## [Data extract]
"""

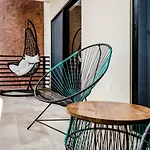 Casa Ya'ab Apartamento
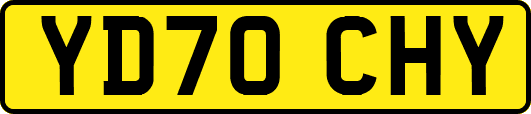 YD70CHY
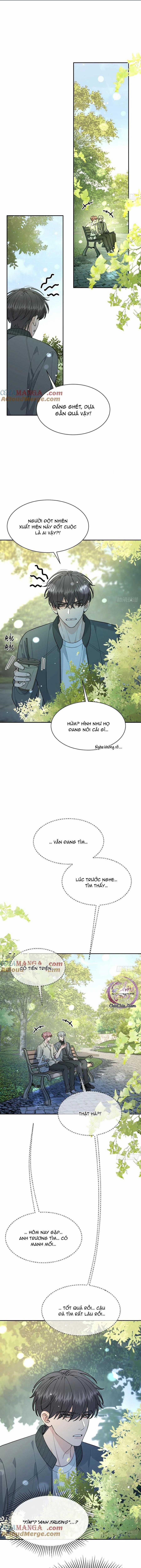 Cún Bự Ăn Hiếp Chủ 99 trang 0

"""
"""

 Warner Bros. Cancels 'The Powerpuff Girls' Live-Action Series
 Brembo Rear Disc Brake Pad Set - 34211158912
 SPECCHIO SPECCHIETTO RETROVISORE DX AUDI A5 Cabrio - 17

"""
"""

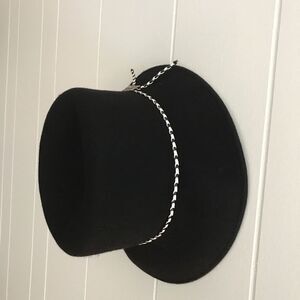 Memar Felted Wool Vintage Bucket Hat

"""

In the material above, which lines fall between the one holding "Casa Ya'ab Apartamento" and the one holding "Cún Bự Ăn Hiếp Chủ 99 trang 0", inclusive? Print exactly those, with the pictures left out.

## [Solution to the exercise]
 Casa Ya'ab Apartamento
 YD70CHY
 Cún Bự Ăn Hiếp Chủ 99 trang 0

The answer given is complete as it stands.